Venkatasubramanian, V. - Presenter, Columbia University
The revitalization of artificial intelligence (AI) over the last decade due to the dramatic progress in data science has caused resurgence in the development of machine learning methods for materials science. The Holy Grail in materials science is to be able to design and/or discover new materials with desired macroscopic properties rationally, systematically, and quickly, rather than by the slow and expensive trial-and-error Edisonian approach that has dominated for decades. To accomplish this, one has to solve two different but related problems: (i) the forward problem, where one predicts the material properties given the structure or formulation, and (ii) the inverse problem, where one determines the appropriate material structure or formulation given the desired properties. AI methods have the potential to address this challenge in important ways.

However, applying AI to materials science is not new – it has a 35-year history and a rich literature. The forward-inverse conceptual framework, for instance, and its solution using hybrid neural networks and directed evolution, was demonstrated in 1992. What is exciting now is the ability to do all this more easily for more complicated materials due to the availability of powerful and user-friendly hardware and software environments, and, of course, plenty of data.

I classify the materials design problems into three categories – “easy”, “hard”, and “harder” classes. They correspond to the “good”, the “bad”, and the “ugly” problems, or the other way around, depending on your persuasion. The relatively “easy” ones are those where there is plenty of data that can be analyzed using off-the-shelf machine learning tools – for example, many structure-to-property prediction problems fall into this class. These can be, and are being, addressed right now. The “hard” problems are those which require combining first-principles knowledge of the underlying physics and/or chemistry with data-driven methods. Although researchers demonstrated how to do this a couple of decades ago, much work still remains to be accomplished to do this systematically and quickly for wider impact. This might take another decade or so.

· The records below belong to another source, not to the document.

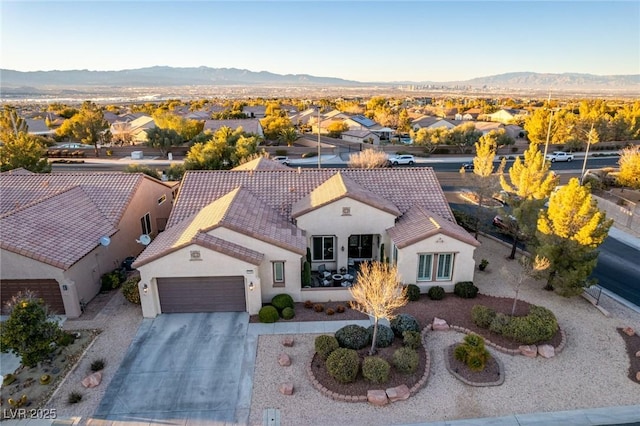 drone / aerial view featuring a mountain view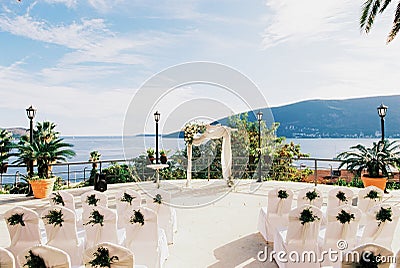 Wedding arch stands on the promenade by the sea in front of the rows of chairs Stock Photo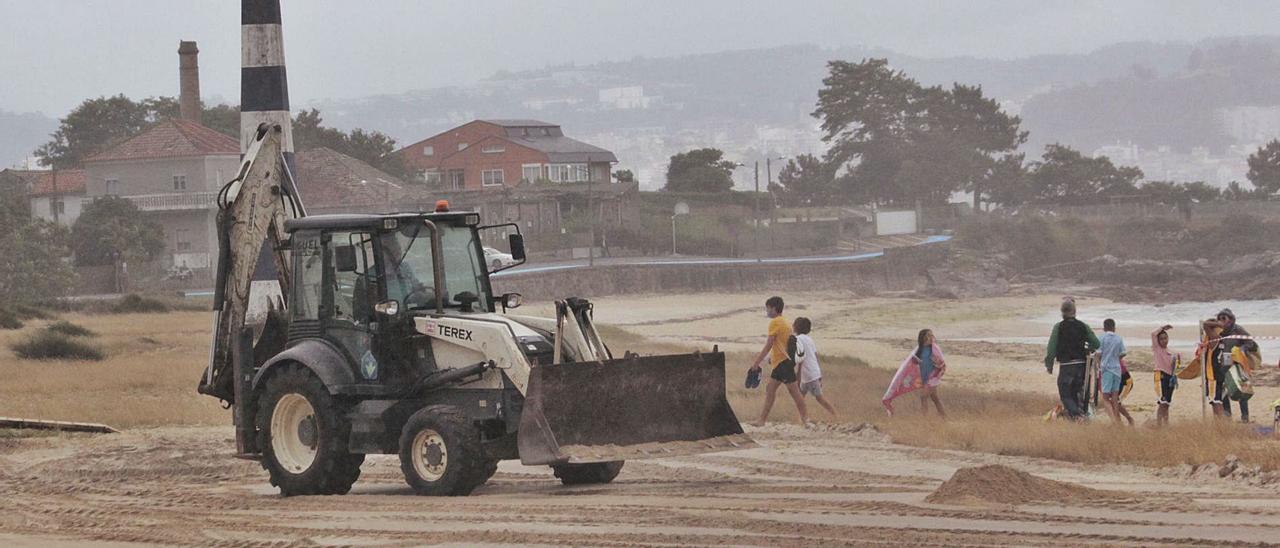 Una máquina excavadora avanza en la explanación del arenal ante el éxodo de usuarios.   | // SANTOS ÁLVAREZ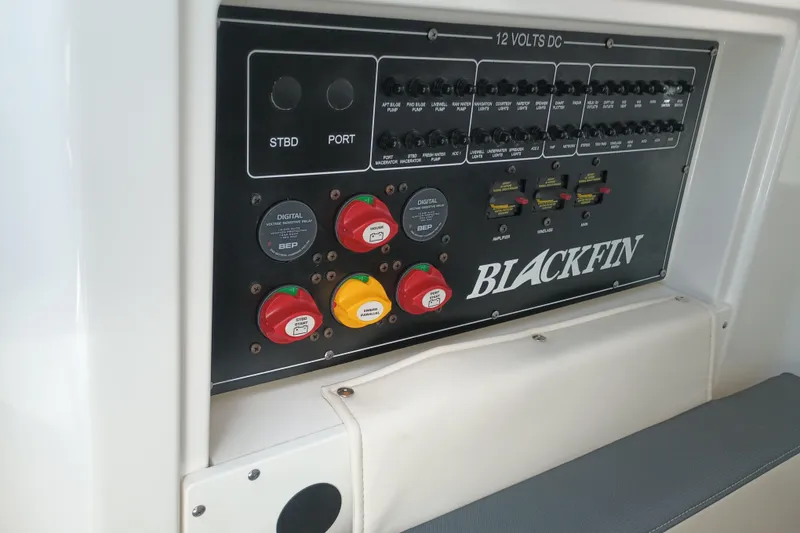 Slide: The Image of Control panel of 2020 Blackfin 272 CC boat with switches and dials. - 36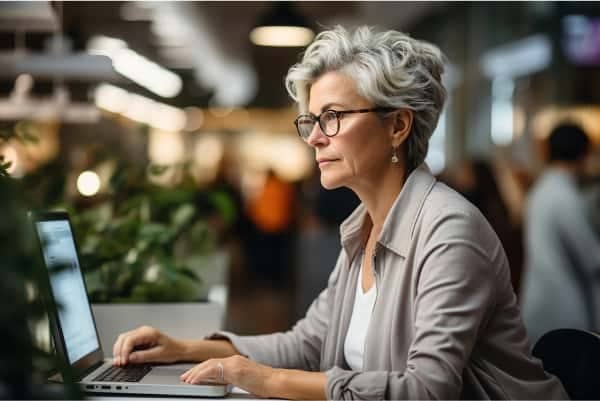 A person sitting at a desk with a laptop.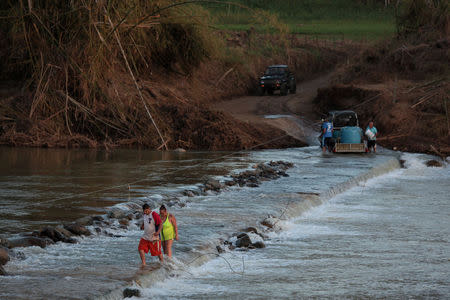 Local residents cross a river using a cable after Hurricane Maria destroyed the town's bridge in San Lorenzo, Morovis, Puerto Rico, October 4, 2017. REUTERS/Alvin Baez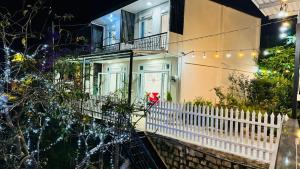 a house with a white fence in front of it at Nhà của Sóc in Da Lat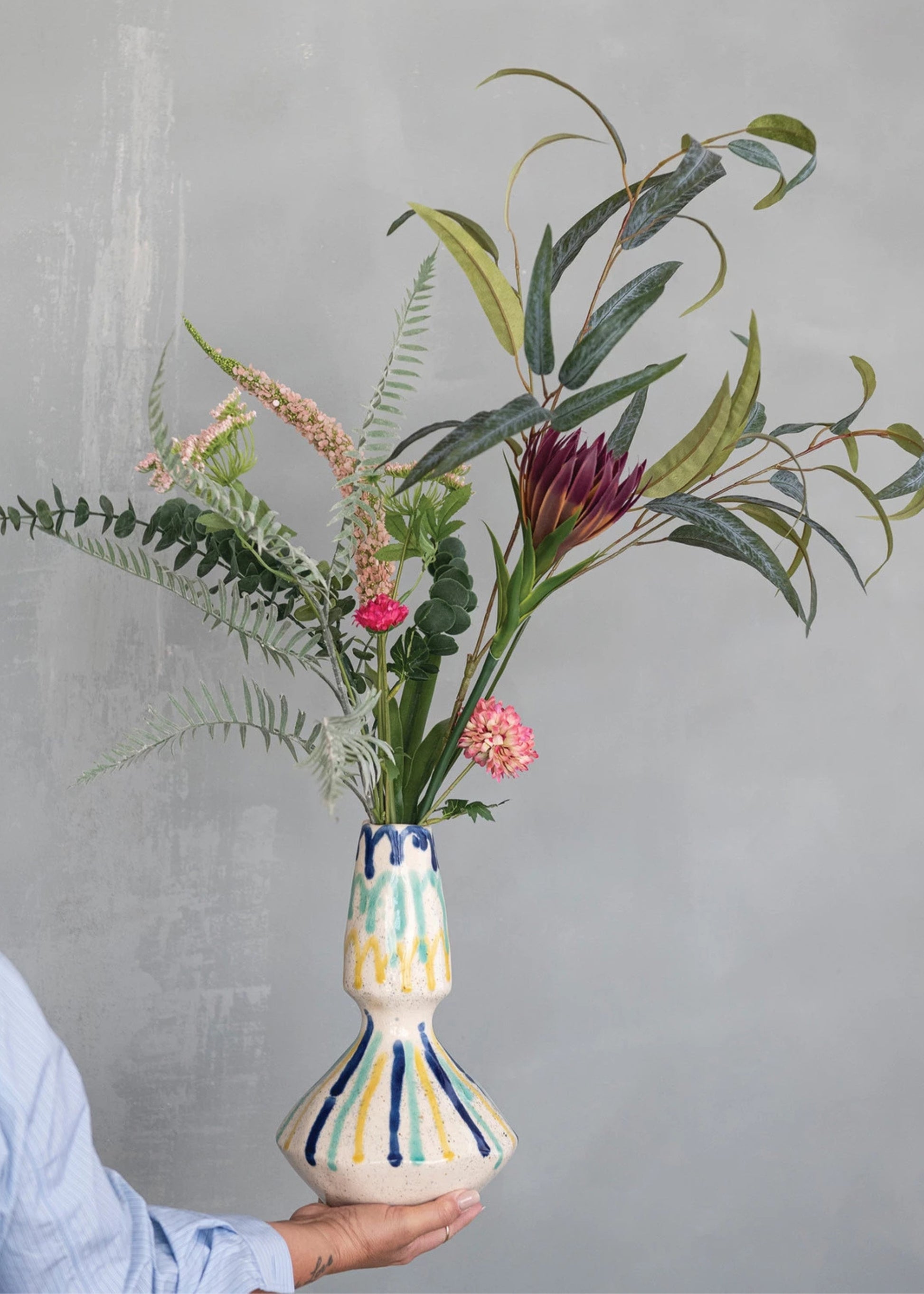 Person holding a colorful vase with flowers 
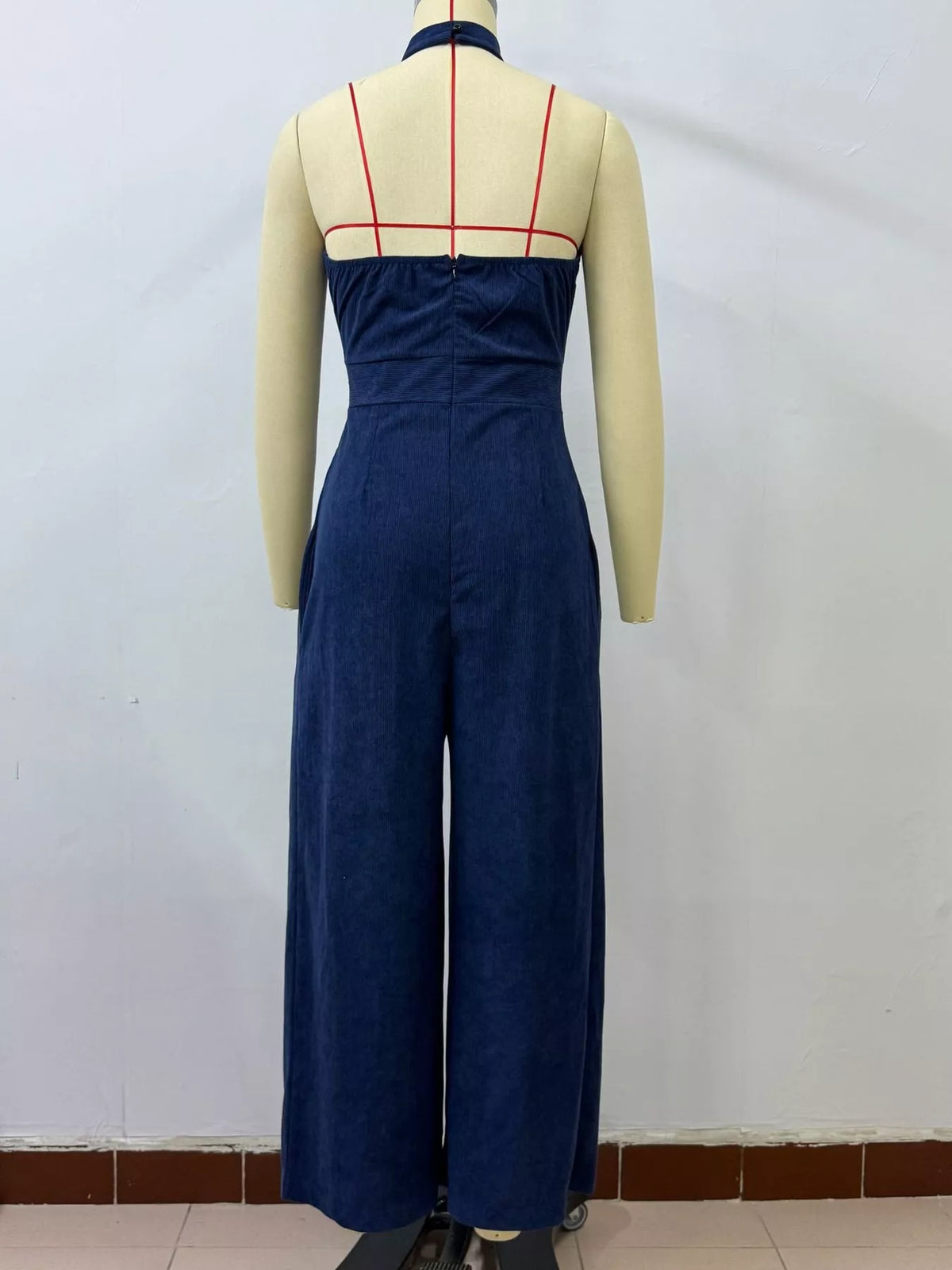 Blue halter linen jumpsuit back view with crisscross straps and wide legs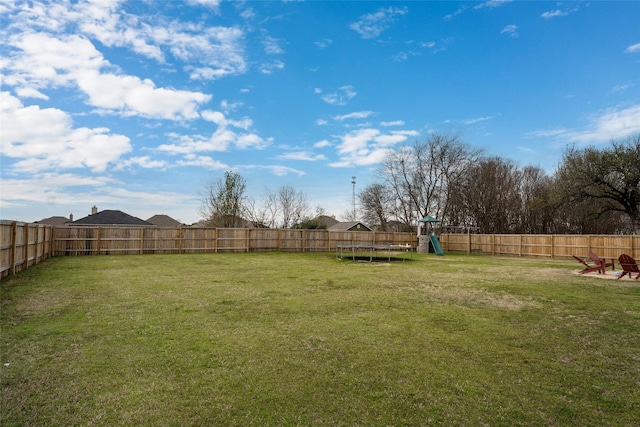 view of yard with a playground and a trampoline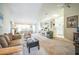 Open concept living and dining area with neutral decor and lots of light at 8015 Willow Brook Dr, Spring Hill, FL 34606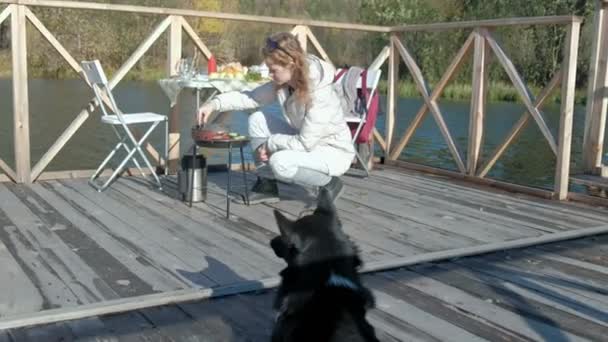 Junge Frau in warmer Kleidung, Gemüse und Fleisch auf dem Grill zubereiten, Burger zubereiten, Hund in der Nähe spielen, Picknick am Flussufer auf einer Holzbrücke, ein Wochenende, kaltes Wetter, draußen — Stockvideo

Harder still is the last class, where one needs to develop domain-specific representations, languages, compilers, ontologies, molecular structure search engines, etc. – i.e., domain-specific “Watson-like” materials discovery engines. These really interesting and intellectually challenging problems would require going beyond purely data-centric machine learning, despite all the current excitement, and leveraging other knowledge representation and reasoning methods from the earlier phases of AI. They would require a proper integration of symbolic reasoning with data- driven processing. This might take a couple of decades to accomplish for extensive and routine usage. I will discuss these challenges and opportunities using materials design examples.